Hakan Ural ve Nur Tuğba Namlı, Kanal D’de hafta içi her sabah saat 09.00’da “Neler Oluyor Hayatta” programında izleyici ile buluşuyor.
Ural ve Namlı, gündeme ve insana dair her şeyin konuşulduğu programdaki başarılarının sırrını açıkladı.
- Ekranın en dinamik, samimi ikililerinden birisiniz. Programa nasıl hazırlanıyorsunuz?
Hakan Ural: Programda olabildiğince samimi ve doğal olmak için önden akış çalışmam. Ama gündemi bilip takip ettiğimden çok da sürprizle karşılaşmam. Duamı eder, yayına çıkarım.
Nur Tuğba Namlı: Zinde ve enerjik güne başlamak için çok planlı yaşıyorum. Erken uyuyup erken kalkmam ilk hazırlığım. En geç 6’da gün başlıyor benim için ki; küçük kızım henüz 1 yaşında. Gece kaç kez kalkıyor olduğumu anneler tahmin eder. Evden çıkmadan bir kahve ve hemen kanala. Günlük gazetelerin hepsini okuduktan sonra yayın için görsel anlamda gereken tüm hazırlıklarımı yapıyorum; saç, makyaj, kıyafet seçimi. Sonrasında ise koordinatörümüz Reyhan hanımla hepsinin üstünden tüm detayları ile tek tek geçiyoruz.
- Nasıl her sabah aynı enerji ile izleyiciye "merhaba" diyorsunuz? Bu işin formülü nedir?
H.U: Formülü, önce çok çalışmak; gündemi en ince ayrıntısına kadar takip edip, bilgilenmek ve bunları en basit yalın haliyle ekranda aktarmak.
T.N: Mutlu ve enerjik olmak hayattaki en büyük tercihim. Aslında yaşadığımız her kötü olayda bile, olumlu tarafından bakılabilecek bir ayrıntı bulurum. Yaşanan her şeyde bir sebep vardır düşüncesiyle kendimi yükseltmeye çalışırım. Genelde hep gülmeye çalışıyorum, gülmek bulaşıcı bence... Kendinize ve karşınızdaki insana verilebilecek en güzel hediye! Bunu izleyiciye yansıtıp enerjik olabiliyorsam, o gün bir başka gülümsemeye vesile olabiliyorsam, ne mutlu bana...
- İzleyici sizi neden seviyor?
H.U: Allah izleyicinin ilgi ve sevgisini eksik etmesin. İzleyici ile ilişki insan ilişkisi gibi makul bir nedene dayanıyor. İzleyici içten, samimi, kibirsiz olduğumuzu, onlar için bir şey yapmaya çalıştığımızı anlayıp, hissediyor diye düşünüyorum.
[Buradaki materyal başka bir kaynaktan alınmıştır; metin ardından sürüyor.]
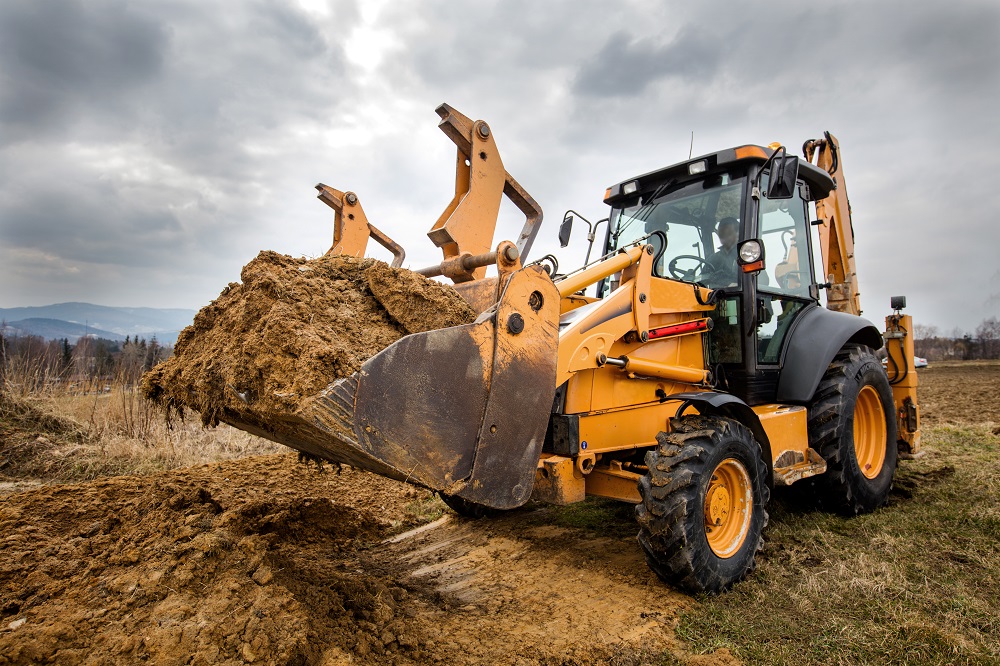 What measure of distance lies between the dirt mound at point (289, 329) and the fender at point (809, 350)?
289 centimetres

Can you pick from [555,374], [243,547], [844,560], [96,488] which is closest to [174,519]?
[243,547]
T.N: Kendimiz gibi olduğumuz için olabilir. Dışarda kahve içerken de; toplantı yaparken de; yayın yaparken de biz neysek oyuz. Yayındaki tek fark stüdyo ortamında ışıklar altında olmamız. Programımızın adı gibi ‘neler, neler oluyor hayatta!’ Yaşanan acı, tatlı, mutlu, üzücü tüm olayları samimi bir şekilde aktarmaya çalışıyoruz. Bence bu samimiyet enerjisi ekrandan seyircilerimize ulaşıyor.
- Ekranda "uyumlu bir ikili" olmak, bunu izleyiciye hissettirmek
kolay değildir. Siz bu uyumu nasıl yakaladınız?
H.U: Uyumlu ikili olmak, samimi olup sevgiyle tolere edip güvenmekle ilgili. Bu frekansı yakalayınca uyum ortaya çıkıyor. Yoksa haftanın 5 günü saatlerce canlı yayın kolay değil. İstemeyerek de olsa birbirimizi kırıp yıpratabiliriz. Dört dörtlük insan yok. Ortada temel sevgi ve iyi niyete dayalı güven var ise uyum çıkıyor diye düşünüyorum.
T.N: Her zaman söyledim yine söylüyorum; Hakan ile birlikte ekranda olmak benim için çok büyük keyif. Her gün onlarca farklı olaya tanık oluyoruz; birlikte çok güldüğümüz de oluyor, bu nasıl böyle olabilir dediğimiz de. Senelerin verdiği birliktelikten, iletişimden doğan huzur ve güven var enerjimizde. Sanırım sırrımız bu. Buraya maşallah ekleyebiliyor muyuz?